Africa Express mit Daimon Albarn und zahlreichen Gastmusikern lassen keine Zeit zum Luftholen.
Diverse Einflüsse verschmelzen zu einer großen Party für Alle. Musik als die viel besprochene universelle Sprache zwischen Musikern und Publikum.
Manchmal reichen doch eine große Stimme, ein paar Songs und ein unerschütterliches Selbstbewusstsein: Newcomer Lola Young beeindruckend auf der Arenabühne vor ca. 17.000 Zuschauern.
Eine Nummer kleiner bei der dänischen Exil-Londonerin Astrid Sonne zwischen Pop und Jazz.
Der neue Ausguck auf dem Campingplatz
Am letzten Tag haben manche schon gepackt oder sind gar schon abgereist.
Da hätte man doch die Nine Inch Nails verpasst. Immer wieder ein Ereignis, obwohl das Schaffen von Herrm Reznor sich Mittlerweile gen Filmmusik verlagert hat. Auf die Hits musste man bis zum letzten Viertel warten.
Nine Inch Nails in der Arena
Lokalhelden beim Heimspiel: The Ravonettes. Einmal mehr Herzerwärmendes. Diesmal aus dem Shoegaze-Vintage-Garage-Kosmos kurz vorm Abschied.
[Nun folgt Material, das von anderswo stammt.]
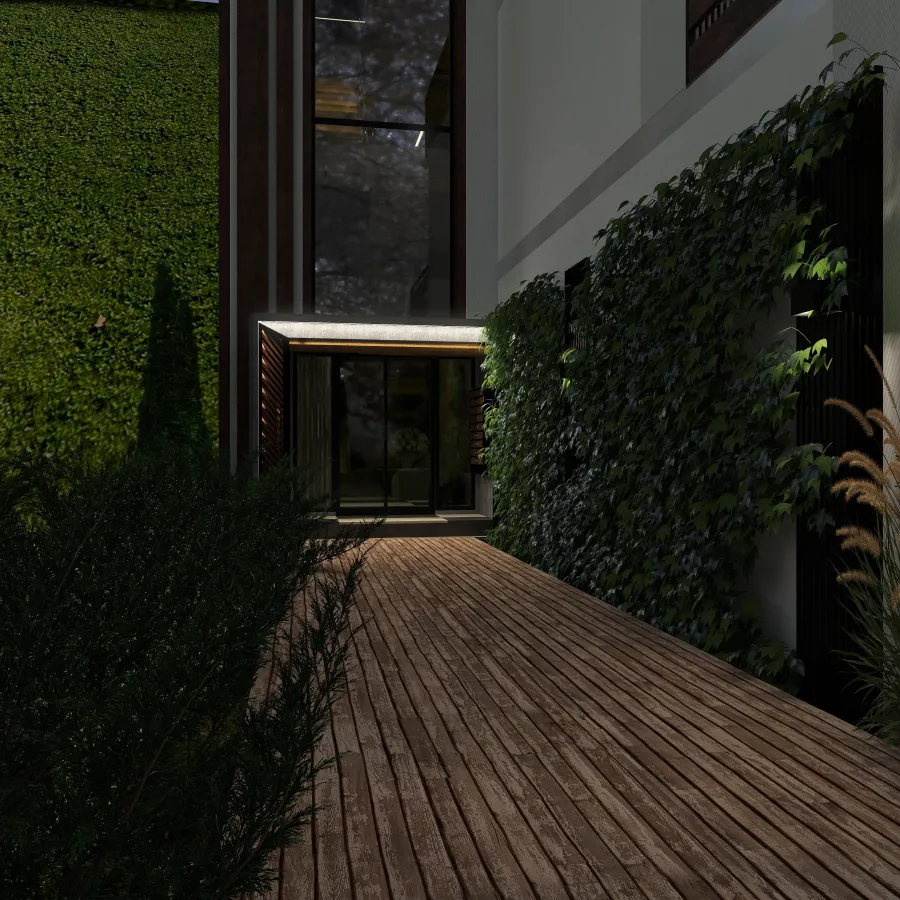 Hall design/Facade/SVAROG with pool 3d design renderings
Schön dass sie nach langer musikalischer Abstinenz wieder unterwegs sind und in diesem Jahr auch ein neues Album mit „Pe’ahi II“ erschienen ist. Nicht nur ich habe sie vermisst wie das volle Avalon kurz vor Toresschluss deutlich beweisst.
Avalon
Zum Schluss noch einen ordentlichen Tritt an den Kopf. Die Lambrini Girls machen keine Gefangenen. Einfach geradeaus, immer auf die 10.
Gruppenbespassung
Begeisterung
Fade Out beim letzten DJ. Mit der Gewissheit: Nächste Jahr, selbe Stelle !!!
Unbedingt wäre noch zu Erwähnen, dass es sich seit 1972 um ein nichtkommerzielles Festival handelt. Es gibt nur wenige Festangestellte. Einen Großteil der Arbeit bestreiten Freiwillige und Volontäre für Unterkunft und Verpflegung. Der Gewinn wird jedes Jahr anderen wohltätigen Organisationen und Vereinen gespendet.